Analysis for Experience Level

Code
# Analysis for experience_level #

# table(df$experience_level)

el_categ <- as.factor(ifelse(df$experience_level == 'EN', 'Entry-level',
                            ifelse(df$experience_level == 'MI', 'Mid-level', 
                                   ifelse(df$experience_level == 'SE', 'Senior-level', 
                                          ifelse(df$experience_level == 'EX', 'Executive-level', '')))))

options(repr.plot.width=16, repr.plot.height=8)
my_palette <- c("#FFF2F2", "#E5E0FF", "#8EA7E9", "#7286D3")

el_barchart <- ggplot(data.frame(el_categ), aes(x = el_categ)) +
  geom_bar(aes(fill = el_categ))  +
  scale_fill_manual(values = my_palette) +
  ggtitle("Bar Chart for Experience Level") +
  xlab("Level") +
  ylab("Frequency") +
  labs(fill = "Level") +
  stat_count(geom = "text", aes(label = after_stat(count)), vjust = -0.5) +
  theme_classic() +
  theme(
    plot.title = element_text(color = "#383335", size = 20, face = "bold"),
    plot.subtitle = element_text(color = "#F6CD90",size = 12, face = "bold"),
    plot.caption = element_text(face = "italic"))

data <- data.frame(
  category=c("Entry-level", "Mid-level", "Senior-level", "Executive-level"),
  count=c(320, 805, 2516, 114)
)
 
# Compute percentages
data$fraction <- data$count / sum(data$count)

# Compute the cumulative percentages (top of each rectangle)
data$ymax <- cumsum(data$fraction)

# Compute the bottom of each rectangle
data$ymin <- c(0, head(data$ymax, n=-1))

# Compute label position
data$labelPosition <- (data$ymax + data$ymin) / 2

# Compute a good label
data$label <- paste0(round(data$fraction*100, 1), "%")

el_piechart <- ggplot(data, aes(ymax=ymax, ymin=ymin, xmax=4, xmin=3, fill=category)) +
  geom_rect() +
  geom_label( x=3.5, aes(y=labelPosition, label=label), size=6) +
  ggtitle("Pie Chart for Experience Level") +
  scale_fill_manual(values = my_palette)  +
  coord_polar(theta="y") +
  theme_void() +
  labs(fill = "Level") +
  theme(
  plot.title = element_text(color = "black", size = 20, face = "bold"))

el_barchart

Code
el_piechart

Findings:

The dataset includes four seniority levels, with the Senior-level category having the most representation with 67% (2516), followed by the Mid-level category with 21.4%(805). The Entry-level category is the next in terms of representation with 8.5%(320), while the Executive-level category has the least representation with only 3%(114).

Analysis for Job Title

Code
# table(df$job_title)
cat("The dataset grasps", length(unique(df$job_title))," distinct job titles.")
The dataset grasps 93  distinct job titles.
Code
# Compute the top 20 job titles in descending order
top20_job_titles <- head(sort(table(df$job_title), decreasing = T), 10)

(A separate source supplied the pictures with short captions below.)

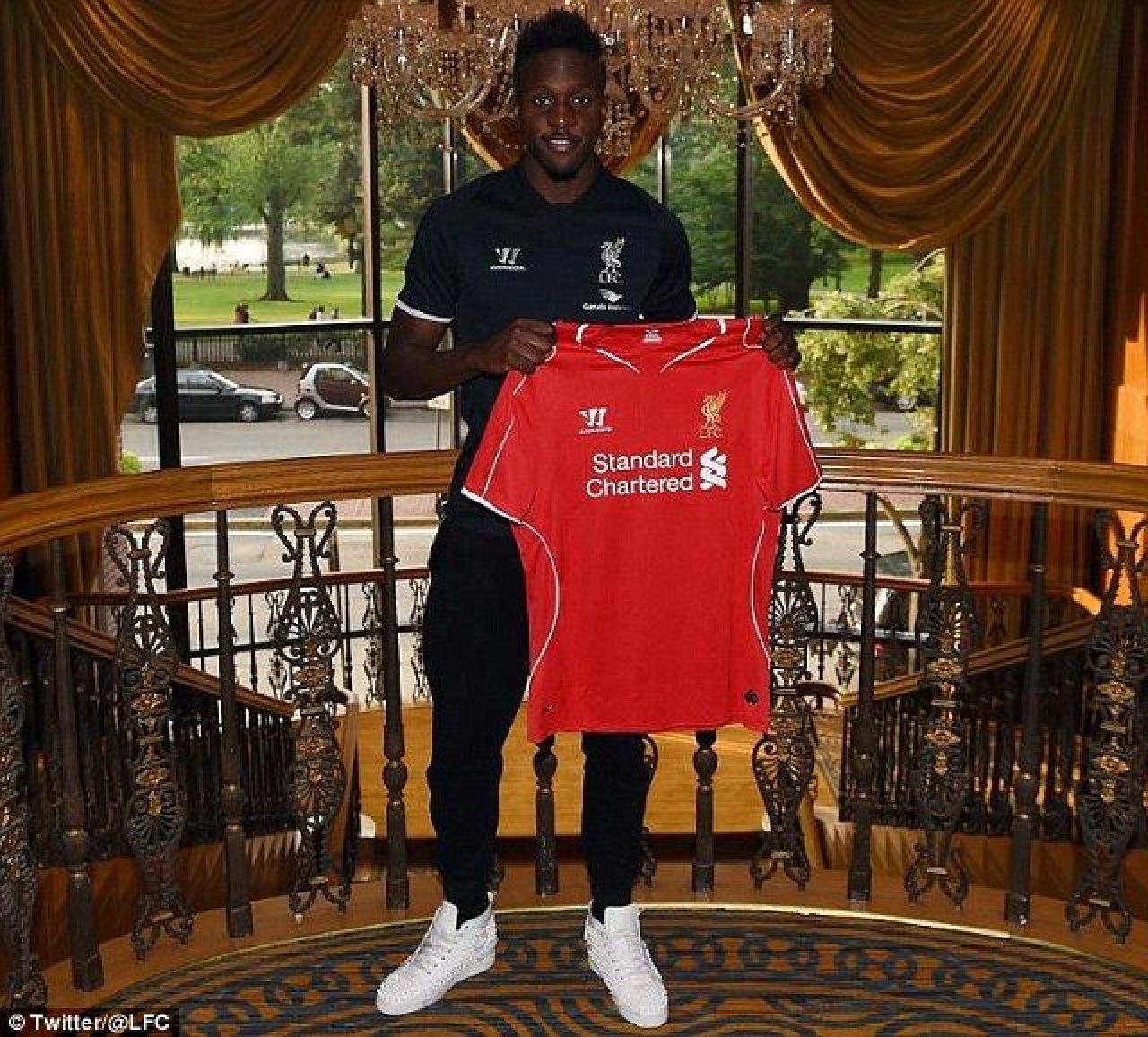 Liverpool l-a transferat pe pustiul senzatie de la Mondial! 13 milioane de euro pentru noul star al Belgiei_1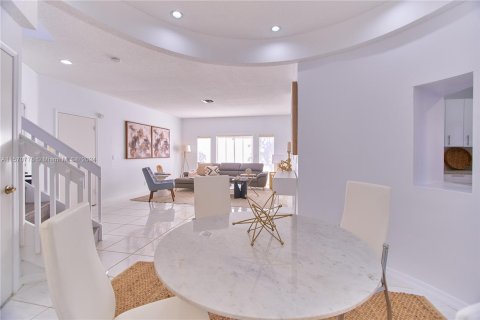 Casa en venta en Coral Springs, Florida, 4 dormitorios, 216.83 m2 № 1138665 - foto 3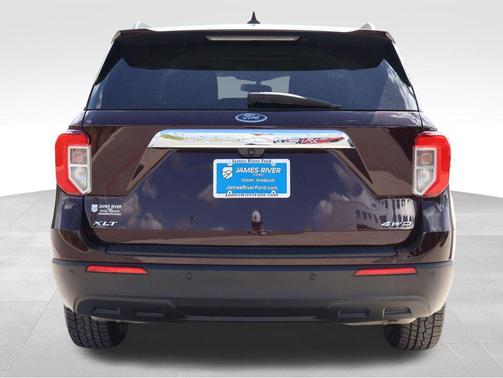 Red Metallic 2022 Ford Explorer XLT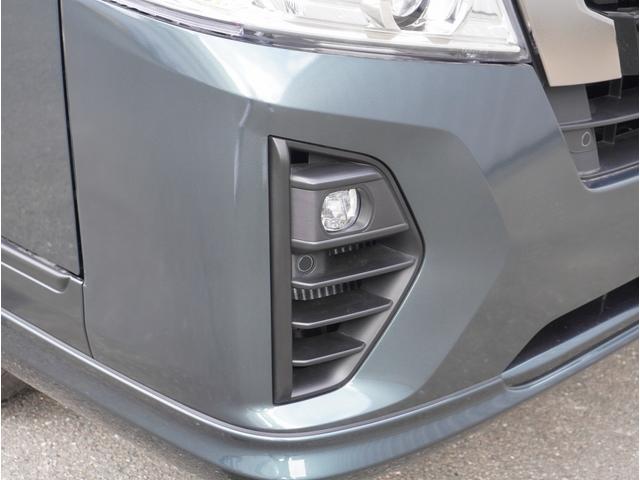 キャラバン ロンググランドプレミアムＧＸ　Ｍ／Ｃ後／改良後／２ＷＤ／ディーゼル／パナソニック／７インチナビ／ワンタッチオートスライドドア／／アラウンドビューモニター／デジタルインナーミラー／ＥＳＳＥＸ／スポイラー／ホイール／ベッドキット／（18枚目）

# Create a bar plot with plotly
plot_ly(x = top20_job_titles, y = names(top20_job_titles), type = "bar",
               text = top20_job_titles, orientation = 'h', 
               marker = list(color = "#2f3e46")) %>%
               layout(title = "Top 20 Jobs in Data Science", xaxis = list(title = "Count"), 
               yaxis = list(title = "Job Title"))

Findings:

Among the 93 job titles present in the dataset, the most commonly occurring ones are as follows:

Data Engineer, with a count of 1040 occurrences. Data Scientist, with a count of 840 occurrences. Data Analyst, with a count of 612 occurrences. Machine Learning Engineer, with a count of 289 occurrences.

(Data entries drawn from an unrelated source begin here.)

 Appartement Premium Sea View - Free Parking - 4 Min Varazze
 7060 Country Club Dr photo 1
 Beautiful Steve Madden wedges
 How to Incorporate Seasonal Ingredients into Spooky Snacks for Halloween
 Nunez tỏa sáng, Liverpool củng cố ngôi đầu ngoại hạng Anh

These job titles represent the top four most frequently observed roles in the dataset.

Analysis for Salary

Code
# Analysis for salary_in_usd #

options(scipen = 999)

        # Central Tendencies
# Mean
cat("Mean:", mean(df$salary_in_usd))
Mean: 137570.4
Code
cat("\n")
Code
# Median
cat("Median:", median(df$salary_in_usd))
Median: 135000
Code
cat("\n")
Code
# Mode
mode <- function(x){
  ta <- table(x)
  tam <- max(ta)
  if(all(ta==tam))
    mod <- NA
  else
    if(is.numeric(x))
      mod <- as.numeric(names(ta)[ta==tam])
  else
    mod <- names(ta)[ta==tam]
  return(mod)
}

cat("Mode:", mode(df$salary_in_usd))
Mode: 100000
Code
cat("\n")
Code
    # Measure of Variability

# Std. Dev
cat("Standard Deviation:", sd(df$salary_in_usd))
Standard Deviation: 63055.63
Code
cat("\n")
Code
# Variance
cat("Variance:", var(df$salary_in_usd))
Variance: 3976011879
Code
cat("\n")
Code
# IQR
cat("Interquartile Range:") 
Interquartile Range:
Code
quantile(df$salary_in_usd)
    0%    25%    50%    75%   100% 
  5132  95000 135000 175000 450000 
Code
options(repr.plot.width=18, repr.plot.height=6) 
require(gridExtra)

salary_hist <- ggplot(df, aes(x = salary_in_usd)) +
  geom_histogram(color = '#5c082c', fill ='#F5B0CB', bins=30) +
  labs(title = "Histogram for Salary ($)",x = "Salary",y = "Count") +
  theme_classic() +
  theme(
    plot.title = element_text(color = "#383335", size = 20, face = "bold"),
    plot.subtitle = element_text(color = "#F5B0CB",size = 12, face = "bold"),
    plot.caption = element_text(face = "italic"))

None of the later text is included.